Das Recyclingzentrum ist entlang des Perimeters wiederum von einer Hecke mit integriertem Zaun umfasst. Südlich des Punkthauses befindet sich ein Umschlagplatz mit Bäumen, der womöglich von den Mitarbeitenden informell genutzt werden kann. Die grossen, fugenlosen Recycling- Asphaltflächen und das Fehlen einer Dachbegrünung der Halle führen zu einer eher schlechten Versickerungsund Hitzeminderungsbilanz. Das ökologische Potenzial eines von Pflanzen und Tieren belebten Dachs wurde verspielt. Der einfachen Anordnung der Volumina entsprechen klar organisierte Funktionsabläufe. Die Zufahrt für das Publikum auf der Nordseite bietet einen eher knappen Stauraum.
Die Rückwärtsparkierung gewährleistet eine überdachte Position für das Ausladen; sie bedingt aber eine Kreuzung von Zufahrt und Ausladen, die betrieblich nicht optimal ist, und die lineare Anordnung der Entsorgungsbereiche erfordert lange Wege.
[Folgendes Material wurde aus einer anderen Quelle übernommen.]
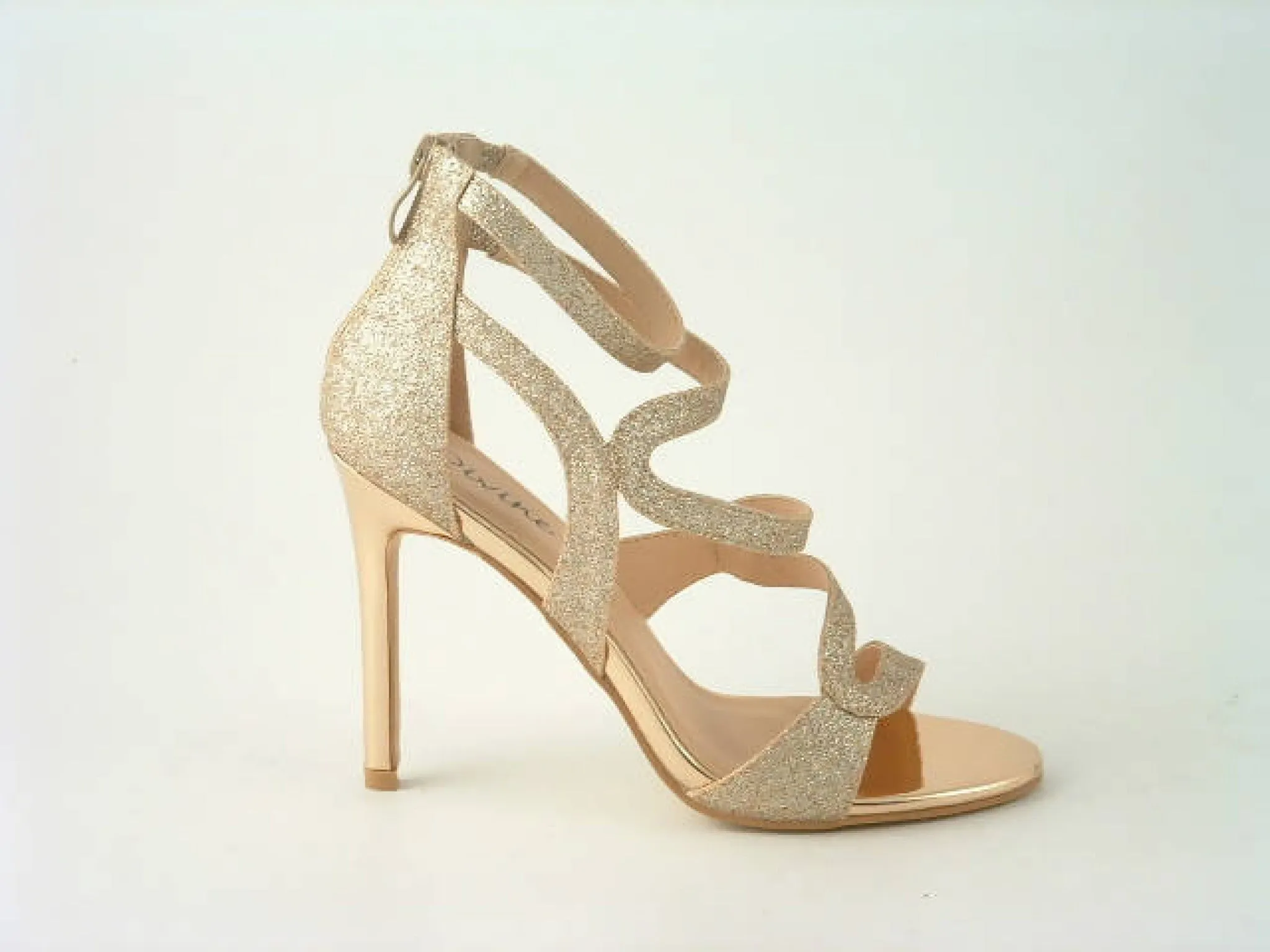 Glitz Shoes Divine Glitter High Heel Sandals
Die Veloparkplätze sind gut platziert. Die Anlieferung für den Betrieb und kleine Lastfahrzeuge erfolgt auf der Südseite. Die Rückwärtsparkierung von Kundenfahrzeugen mit Anhänger ist anspruchsvoll und kann zu Engpässen führen. Trotz der minimalen Dachfläche können die wichtigen Arbeiten gedeckt verrichtet werden. Das Preisgericht bezweifelt jedoch die Funktionstüchtigkeit eines auf einer Teilfläche eingezogenen Mezzanins für ein Material- und Palettenlager ohne Hebebühne. Die Abläufe im Betriebsgebäude funktionieren gut, die Organisation in der Vertikalen erfordert aber etwas längere Wege.
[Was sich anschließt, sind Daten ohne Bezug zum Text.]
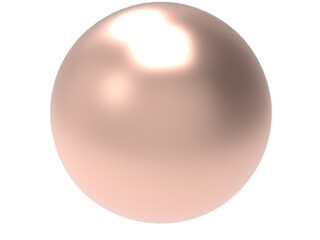 Pink metal ball.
Die Integration von wiederverwendeten Bauteilen wird architektonisch sauber umgesetzt, und es werden glaubwürdige Bezugsquellen angegeben. Etwas vermisst werden in diesem Bereich innovative Vorschläge. Die Eindeckung des Hallendachs mit Wellblechen aus dem Hagenholz ist pragmatisch, jedoch wäre hier eine ökologisch wertvollere Fläche mit einer Begrünung oder mit Photovoltaik-Modulen zwingend. Die Organisation auf minimalen Flächen lässt unterdurchschnittliche Erstellungskosten erwarten. Der Vorschlag der Verfasserinnen überzeugt durch eine einfache, aber äusserst klare städtebauliche Setzung und ein klares Funktionsschema mit minimalem architektonischem Aufwand. Die maximale Trennung der Baukörper erfordert aber längere Wege und ist daher betrieblich nicht überzeugend.
PUNKT + LINIE stellt die Vereinbarkeit einer durchaus eleganten Architektur auch mit der Verwendung von wiederverwendeten Bauteilen exemplarisch dar, insgesamt bleibt das Projekt allerdings etwas zu aufgeräumt und es gelingt ihm nicht, die erwünschte Zeichenhaftigkeit für die neue Anlage zu transportieren.